# [YOUR TASK]
Begin at the line below that holds "We have commit, we" and end at the line that holds "If I use the", transcribing each line exactly and skipping any picture.

(Source records)

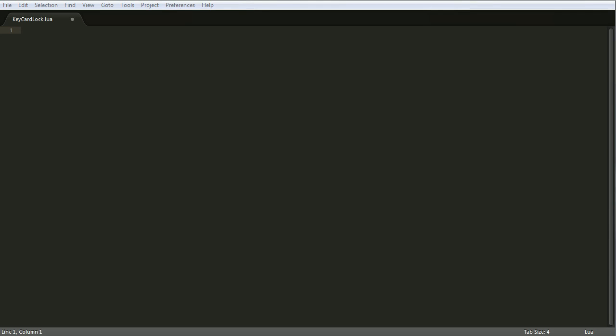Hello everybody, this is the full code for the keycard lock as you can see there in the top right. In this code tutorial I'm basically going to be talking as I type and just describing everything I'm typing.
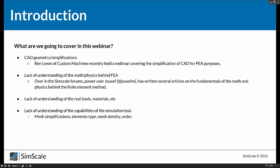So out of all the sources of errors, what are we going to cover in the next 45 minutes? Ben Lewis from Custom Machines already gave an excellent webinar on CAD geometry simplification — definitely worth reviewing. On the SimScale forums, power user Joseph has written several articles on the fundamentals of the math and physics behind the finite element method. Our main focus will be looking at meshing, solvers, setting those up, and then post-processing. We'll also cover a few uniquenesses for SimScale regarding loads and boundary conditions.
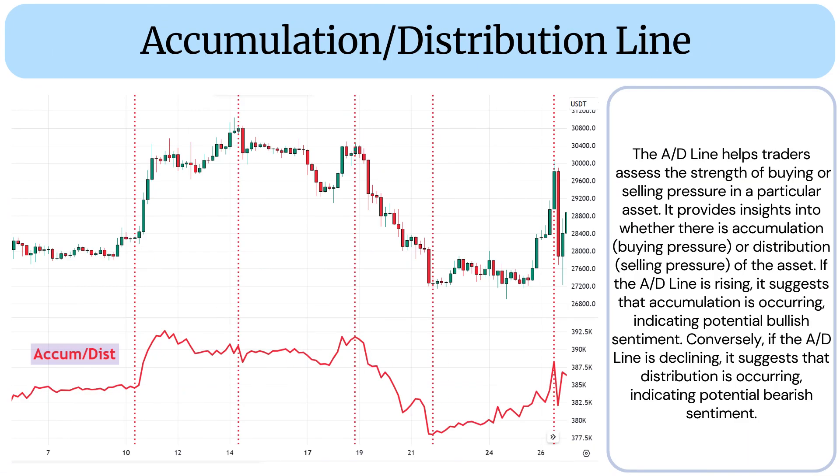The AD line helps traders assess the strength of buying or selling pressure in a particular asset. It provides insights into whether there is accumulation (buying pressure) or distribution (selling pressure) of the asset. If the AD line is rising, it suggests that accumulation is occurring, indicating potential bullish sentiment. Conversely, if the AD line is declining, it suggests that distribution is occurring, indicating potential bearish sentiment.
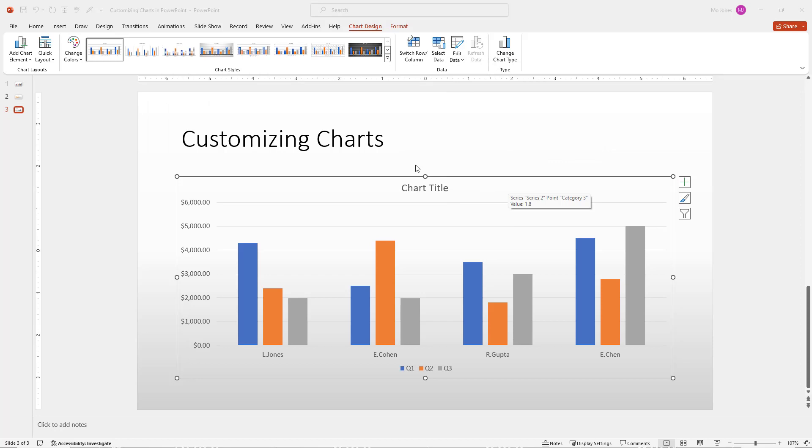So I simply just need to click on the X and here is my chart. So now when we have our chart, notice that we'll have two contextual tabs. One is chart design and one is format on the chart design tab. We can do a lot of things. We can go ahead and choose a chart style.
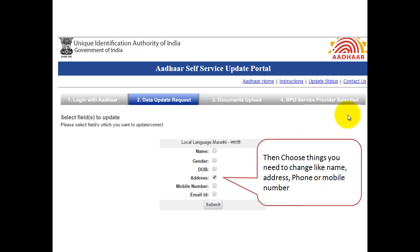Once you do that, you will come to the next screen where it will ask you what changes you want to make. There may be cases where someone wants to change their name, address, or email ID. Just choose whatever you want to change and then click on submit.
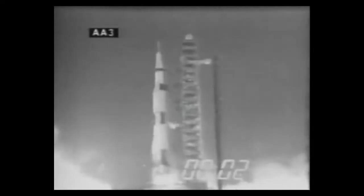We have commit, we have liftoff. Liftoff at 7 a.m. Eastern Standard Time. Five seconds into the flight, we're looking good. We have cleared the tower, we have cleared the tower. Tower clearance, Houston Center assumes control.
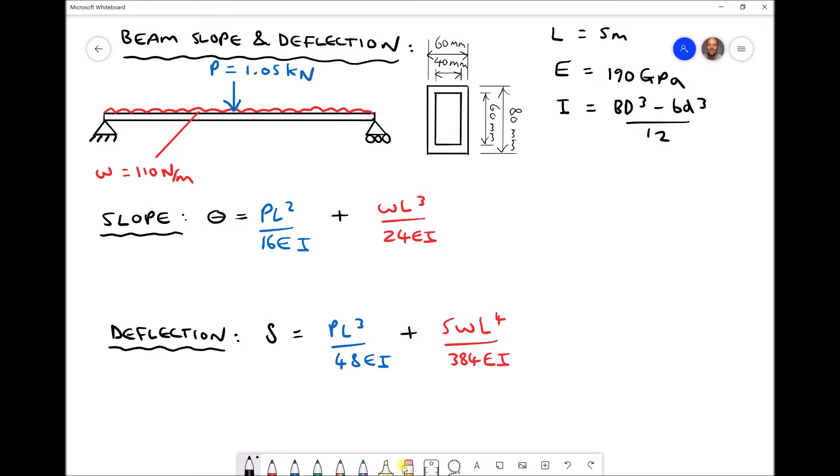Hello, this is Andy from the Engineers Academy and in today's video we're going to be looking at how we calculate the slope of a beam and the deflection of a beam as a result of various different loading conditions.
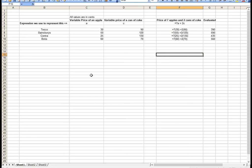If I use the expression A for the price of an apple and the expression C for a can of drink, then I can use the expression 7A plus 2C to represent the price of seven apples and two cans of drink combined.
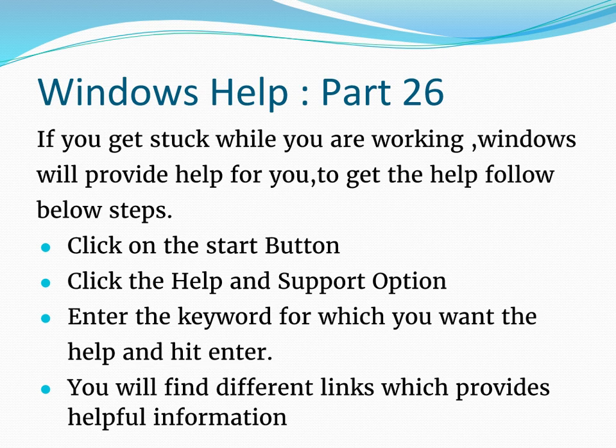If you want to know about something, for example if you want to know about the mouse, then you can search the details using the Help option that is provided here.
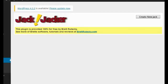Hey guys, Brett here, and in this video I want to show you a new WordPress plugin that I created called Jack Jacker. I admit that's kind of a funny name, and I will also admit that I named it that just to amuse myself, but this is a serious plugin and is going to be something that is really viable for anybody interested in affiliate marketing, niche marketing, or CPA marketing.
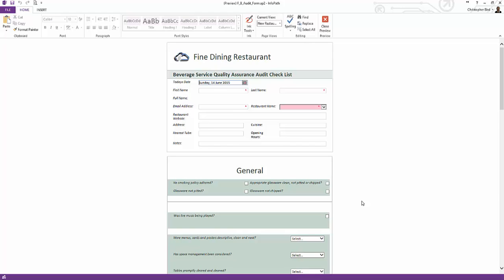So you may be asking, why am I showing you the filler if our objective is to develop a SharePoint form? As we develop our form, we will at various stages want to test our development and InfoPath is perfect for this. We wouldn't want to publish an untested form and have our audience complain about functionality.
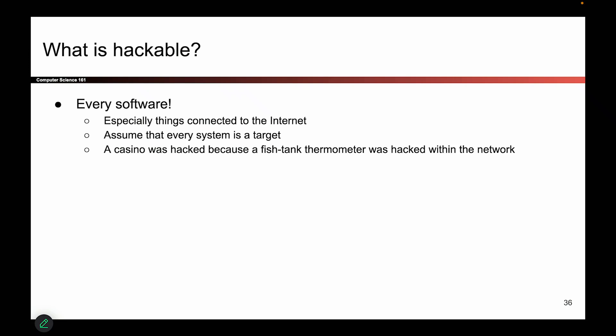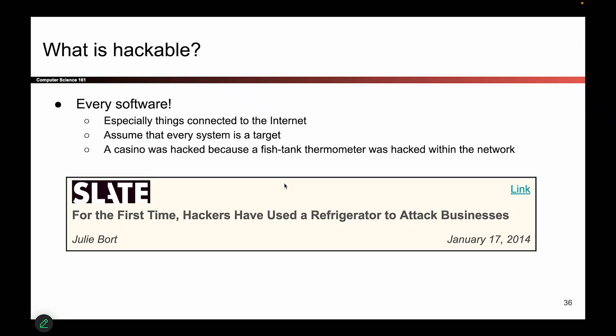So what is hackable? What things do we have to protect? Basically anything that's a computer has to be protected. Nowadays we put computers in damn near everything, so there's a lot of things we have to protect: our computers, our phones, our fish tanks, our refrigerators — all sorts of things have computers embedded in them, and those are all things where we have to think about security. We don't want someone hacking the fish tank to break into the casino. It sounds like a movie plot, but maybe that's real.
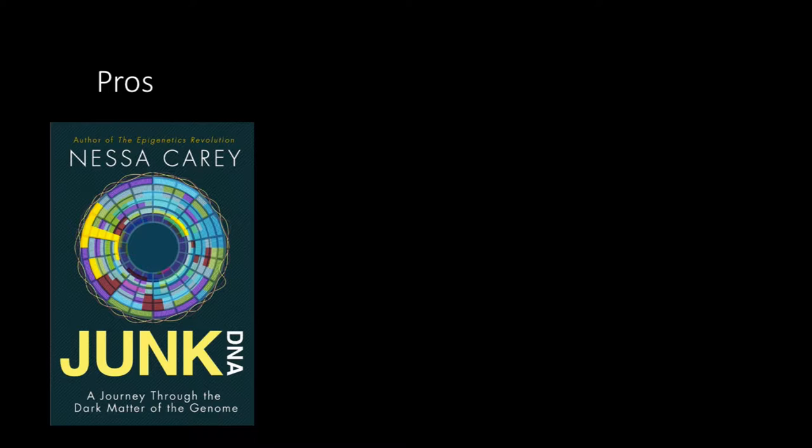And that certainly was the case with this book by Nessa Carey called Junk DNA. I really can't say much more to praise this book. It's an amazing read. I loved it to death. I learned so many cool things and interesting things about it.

# [SOLUTION FOR THIS EXERCISE]
We have commit, we have liftoff. Liftoff at 7 a.m. Eastern Standard Time. Five seconds into the flight, we're looking good. We have cleared the tower, we have cleared the tower. Tower clearance, Houston Center assumes control.
Hello, this is Andy from the Engineers Academy and in today's video we're going to be looking at how we calculate the slope of a beam and the deflection of a beam as a result of various different loading conditions.
If I use the expression A for the price of an apple and the expression C for a can of drink, then I can use the expression 7A plus 2C to represent the price of seven apples and two cans of drink combined.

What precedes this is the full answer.